“I want to be in a clinical trial,” said my dad who, less than two months earlier, elected to forego all treatment options and was enrolled in hospice.

A little over a month ago I blogged about my deadbeat dad who was diagnosed with a glioblastoma that was pushing over his brain’s midline. My siblings and I worked hard to convince my mom to allow him to move from San Diego to her home in Colorado to die under the care of hospice.

To any normal ex-wife this would have been a hard sell, but it was an especially strained request for my mom. After a 14-year marriage she filed for divorce from my father after various abuses, the final straw of which was him beating her half to death in front my older sister and brother. (I was 18 months old at the time and have no memory of this event.)

However, my mom was somehow OK with the idea of allowing a man she divorced 34 years ago to come die in her home. She was no longer afraid of him (not because he had brain cancer; she is a total badass). He had nowhere to go. He was falling a lot. His aphasia was making it hard for him to talk and read. She felt bad for him as a human being.

Skip ahead to today and he has been at her house for over 6 weeks on hospice. Hospice rocks, by the way. I could/should start a whole new blog about hospice but for now I will just leave it at “hospice rocks” and please trust that it is not an overstatement.

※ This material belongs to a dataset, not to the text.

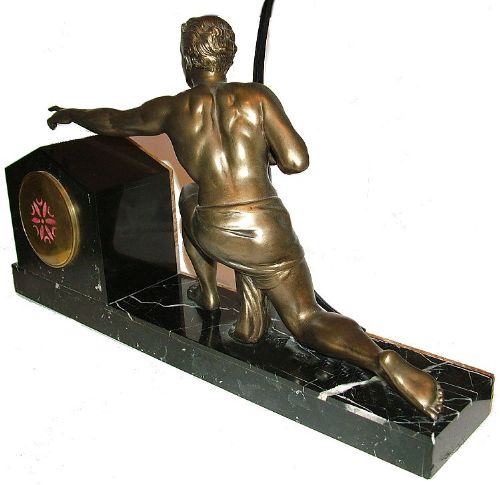 fig 1. 1930s Art Deco Large Figural Clock By Rochard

I don’t talk with my dad. Over a year ago I decided I would be perfectly fine if I never saw him again. My motivation for seeing him in the hospital in San Diego was out of intellectual curiosity and to help my siblings handle a healthcare situation in which I was uniquely qualified to handle. I feel a twinge of guilt that my reason to help was out of curiosity, but what can I say? The dude used to beat up my mom.

I call my mom twice a week to check in. I don’t want to talk to my dad, but I certainly ask a lot of questions about him.

How does he look? How are his language skills? Is he eating? Has he had any falls? Can he handle his activities of daily living? How is his memory? Is he being nice to you? Is he afraid? What other weird things are going on?

For any weird thing my mom brings up I explain why it is happening using some fancy neurological term that reassures my mom that his is all natural while making me feel distanced, clinical and intelligent.

I am sure my behavior and curiosity is not healthy, but I don’t know what else to say or do.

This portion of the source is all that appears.